Bisnis.com, JAKARTA - Spesifiknya jenis batu bara yang dibutuhkan PT PLN (Persero) untuk pembangkit listriknya membuat praktik transfer kuota akan cukup sulit dilakukan.
Ketua Indonesian Mining Institute (IMI) Irwandy Arif mengatakan PLN memiliki kebutuhan batu bara yang berbeda untuk setiap pembangkit listrik. Hal tersebut menjadi salah satu aspek yang membuat pengaturan transfer kuota bakal rumit.
"PLN membutuhkan batu bara dengan kalori yang sesuai. Sementara cadangan batu bara masing-masing perusahaan juga berbeda-beda," tuturnya kepada Bisnis, Senin (21/5/2018).
Menurutnya, hal tersebut akan menyulitkan pemerintah dalam melakukan pengawasan.
Dia menilai seharusnya kewajiban pemenuhan kebutuhan batu bara dalam negeri (domestic market obligation/DMO) tidak dipukul rata seperti sekarang ini, yakni 25% dari produksi. Pasalnya, kemampuan setiap perusahaan berbeda-beda.
"Seharusnya sudah ada data kebutuhan jumlah dan kualitas batu bara untuk PLN, sehingga dapat dicocokan dengan DMO untuk masing-masing perusahaan," katanya.
Sebelumnya, Kepala Biro Komunikasi, Layanan Informasi Publik, dan Kerja Sama Kementerian ESDM Agung Pribadi mengatakan selama ini transfer kuota belum diatur. Menurutnya, transfer kuota perlu dilakukan karena selama tidak semua perusahaan bisa memasok batu bara hingga 25% dari produksinya.

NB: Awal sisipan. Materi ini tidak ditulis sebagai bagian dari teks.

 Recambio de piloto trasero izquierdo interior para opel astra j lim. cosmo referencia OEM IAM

"Belum diatur selama ini. Karena wajib DMO 25% berlaku untuk semuanya, yang kurang harus cari cara untuk memenuhi itu," ujarnya.
Seperti diketahui, berdasarkan Keputusan Menteri ESDM No. 23 K/30/MEM/2018, persentase DMO minimal 25% diwajibkan untuk para pemegang Perjanjian Karya Pengusahaan Pertambangan Batu Bara (PKP2B) dan Izin Usaha Pertambangan (IUP) yang telah memasuki tahap operasi produksi.

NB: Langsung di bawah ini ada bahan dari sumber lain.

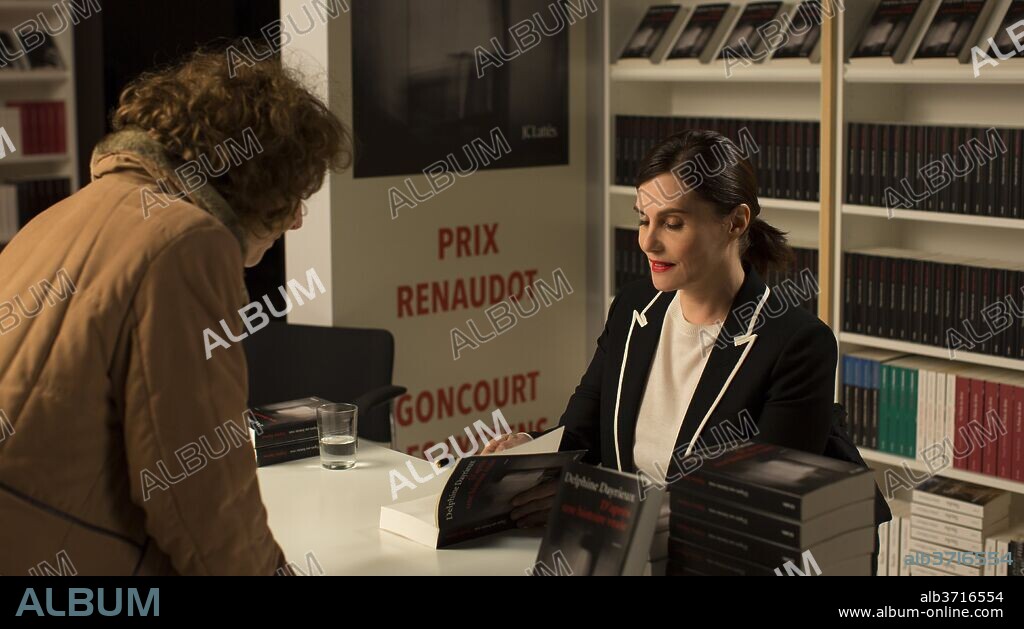 EMMANUELLE SEIGNER in APRÈS UNE HISTOIRE VRAIE, D', 2017, unter der Regie von ROMAN POLANSKI. Copyright Wy Productions / Belga Productions / Belga Films Fund / BETHUEL, CAROL.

Bagi perusahaan yang tidak memenuhi persentase minimal DMO tersebut, akan dikenakan sanksi berupa pemotongan besaran produksi dalam rencana kerja dan anggaran biaya (RKAB) tahun depan. Selain itu, pengurangan kuota ekspor pun akan dikenakan sesuai jumlah DMO yang tidak terpenuhi.
Adapun perusahaan dapat mengajukan permohonan ekspor setelah DMO itu terpenuhi.

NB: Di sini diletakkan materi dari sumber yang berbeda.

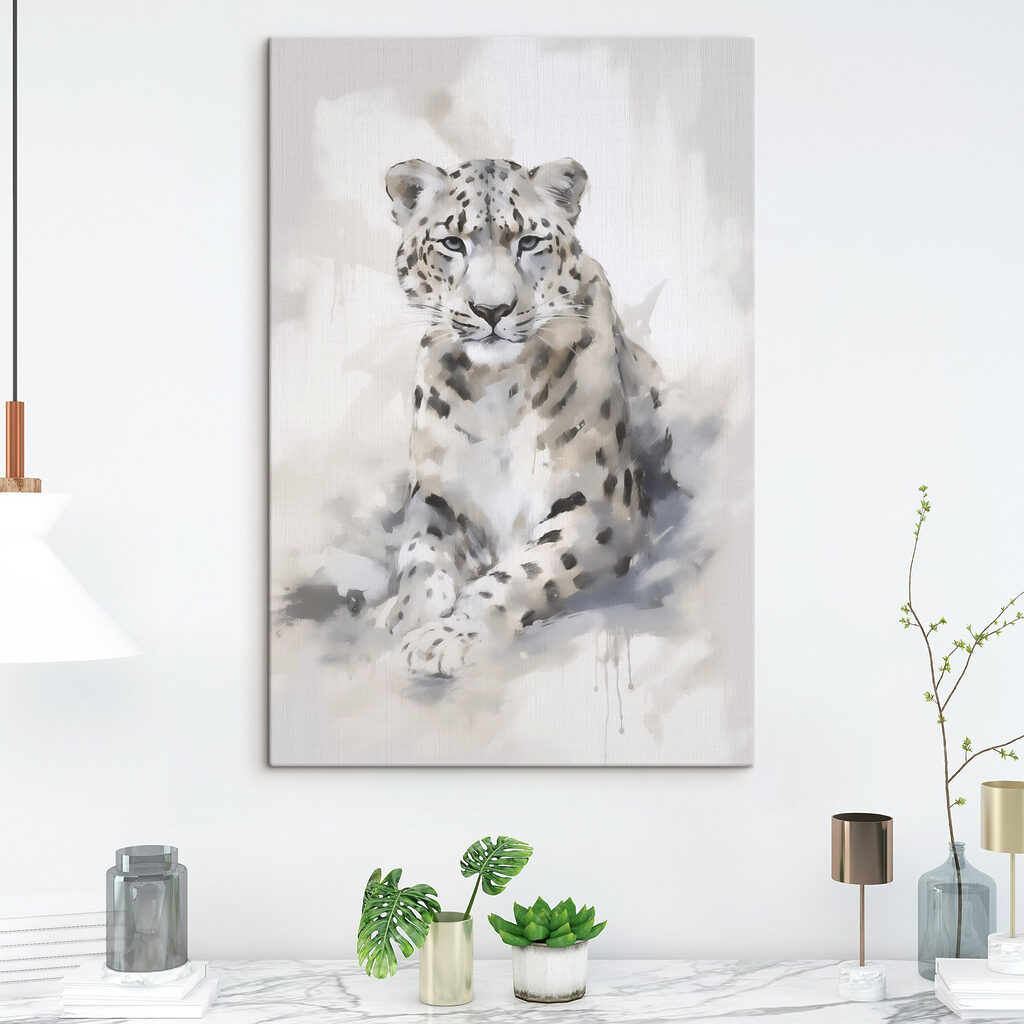 Leopard în alb într-un interior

Dengan persentase sebesar 25%, maka kewajiban DMO bisa naik menjadi 121 juta ton. Pasalnya, Kementerian ESDM menyatakan batas atas produksi tahun ini hingga 485 juta ton.
Jumlah tersebut berdasarkan realisasi produksi sepanjang tahun lalu sebanyak 461 juta ton ditambah 5% toleransi ekspansi produksi yang bisa diberikan Kementerian ESDM.